Monday 19 April 2021

Rant: Rewriting Books from the Other Person's Point of View


Very rarely do I feel like a book needs to be told from someone else's point of view. I think sometimes it can be done really well, I think if the point is to show internal biases and how someone else may have perceived an entire situation, that would be a good reason to rewrite the same story from a different point of view. However, I feel like this is rarely the case. I can think of maybe one book where I actually enjoyed having this book from someone else's point of view. I think if there is actually important insight being added from this new book then it's great, but I hate when a book is literally from another character's point of view and everything is the same. Not having any new insight into the story.

“I’d said it before and meant it: Alive or undead, the love of my life was a badass.”

One book I would love to have another character's perspective on is the Vampire Academy series. I want to read that whole series from Dimitri's point of view. He was one of my favourite characters and I felt like he was just such a closed book. We knew what Rose knew about him and that really wasn't much. We only knew his present, we didn't know too much about his past and what he was feeling or thinking at any given moment. I would donate both kidneys to get this series from his point of view. There was a short story from Dimitri's point of view from their meeting and it gave me life.

“I've loved Hope since we were kids. But tonight? Tonight I fell in love with Sky.”

A book I did like from another character's point of view was Losing Hope. This one worked because Sky knew so little from her past. She didn't remember a lot of things that happened to her growing up, and having Holder's point of view and how he remembered things was really interesting and really built up their whole relationship. I think it was such a good addition to an already great book.

“I knew right then I would burn down the whole universe for her if I had to. I would do anything to keep her safe. Kill. Heal. Die. Anything. Because she was my everything.”

Now that I've talked about a few I liked/would like, I should talk about what actually bothers me. A couple examples that I didn't like were Oblivion by Jennifer L. Armentrout and Rush Too Far from Abbi Glines. Those are just two examples. I liked them enough, I didn't hate them, but that's just because they were books that I already liked. I liked the originals and these books were basically the same thing from another point of view.
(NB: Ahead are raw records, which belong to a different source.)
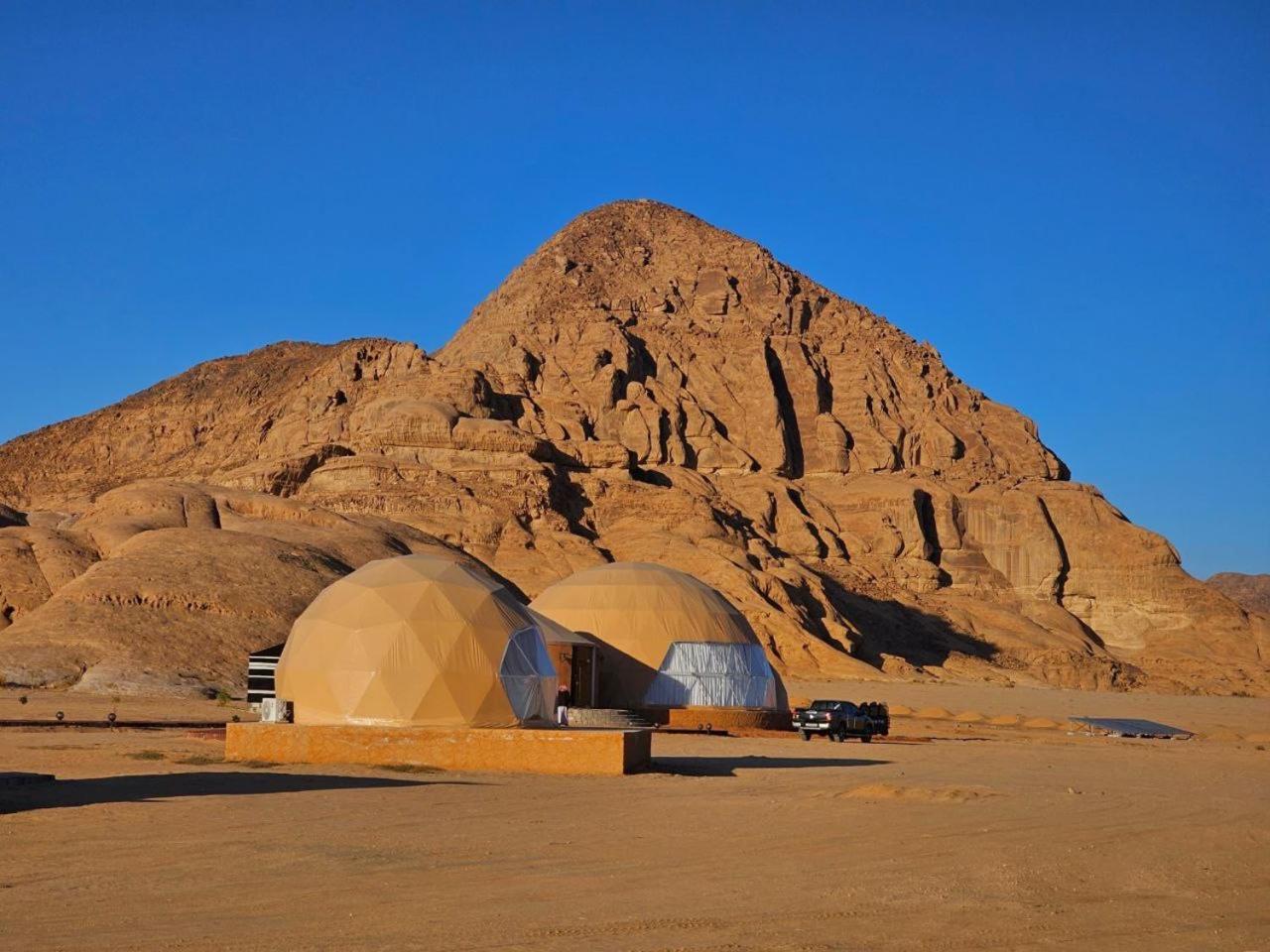 Wadi Rum Anwar Luxury Camp Ngoại thất bức ảnh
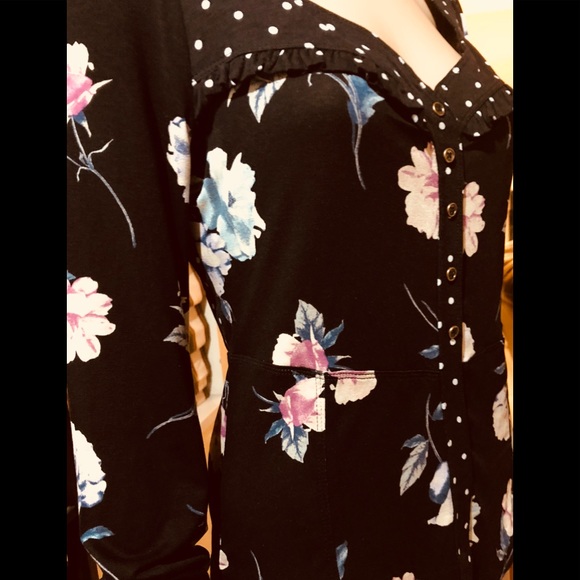 American Rag long sleeve Black and white top - Picture 3 of 6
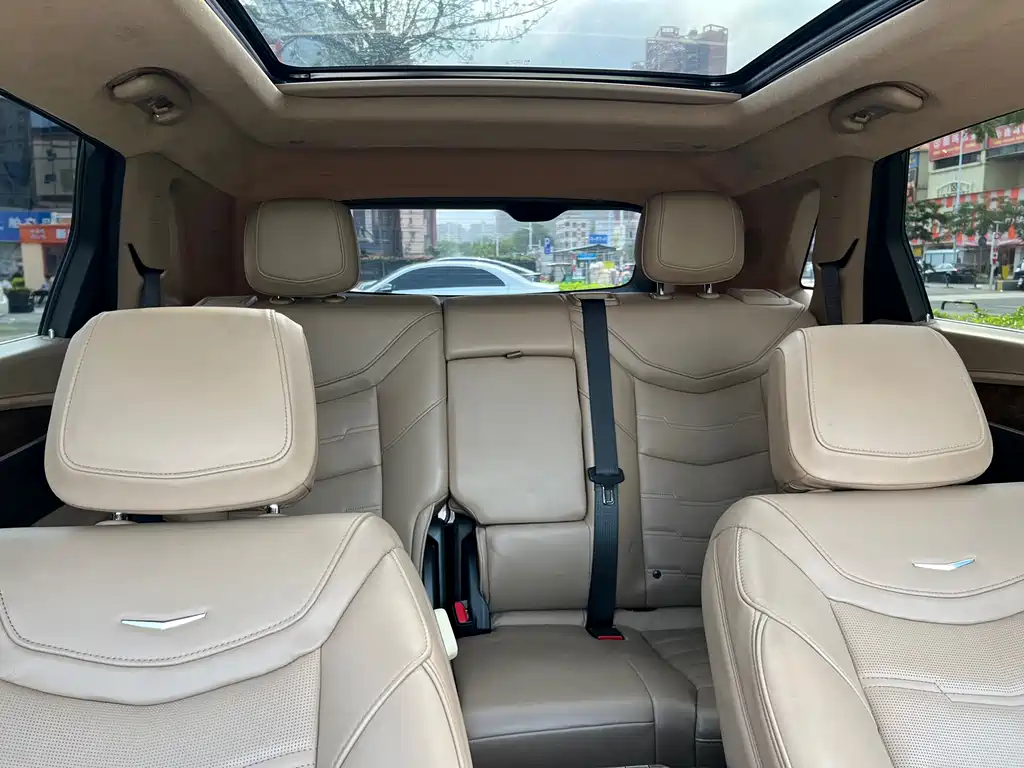 Cadillac XT5 2020 — фото 19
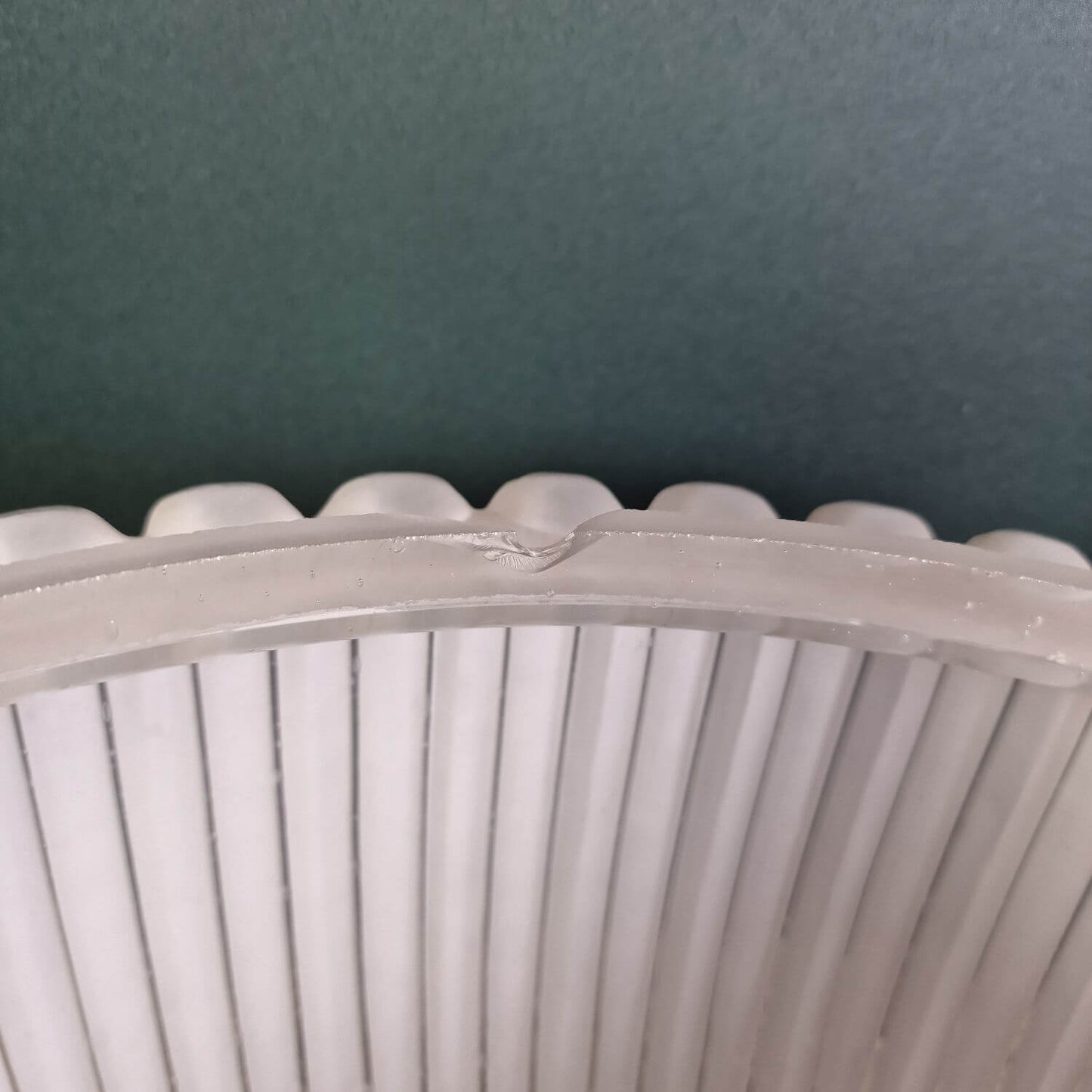 Große Deckenleuchte Glashütte Limburg - Plissiertes Opalglas mit Messing - 40cm Durchmesser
I don't feel as though anything was added from these books. I didn't really get anything out of them. There were no revelations, nothing I didn't already know about. I'm never going to read those books again, but that's just because I liked the original and I'm going to reread the originals. There really is no point to having these additions because they did nothing to add to the story. The only differences were that we were able to see their emotions, but it's not like their emotions were ever any secret. 

“Leaning down, I pressed a kiss to her head. "I will fix this. I swear I will make it right. I love you enough to get us through this. I just need you to love me enough. Please, Blaire. Love me enough," I pleaded.”

I just think that if you plan to rewrite a book from the point of view of a different character, it should add something to the story, not just play off of what we already have.  I overall just think most books like this are so unnecessary and I feel like I'm wasting my time when I do read them.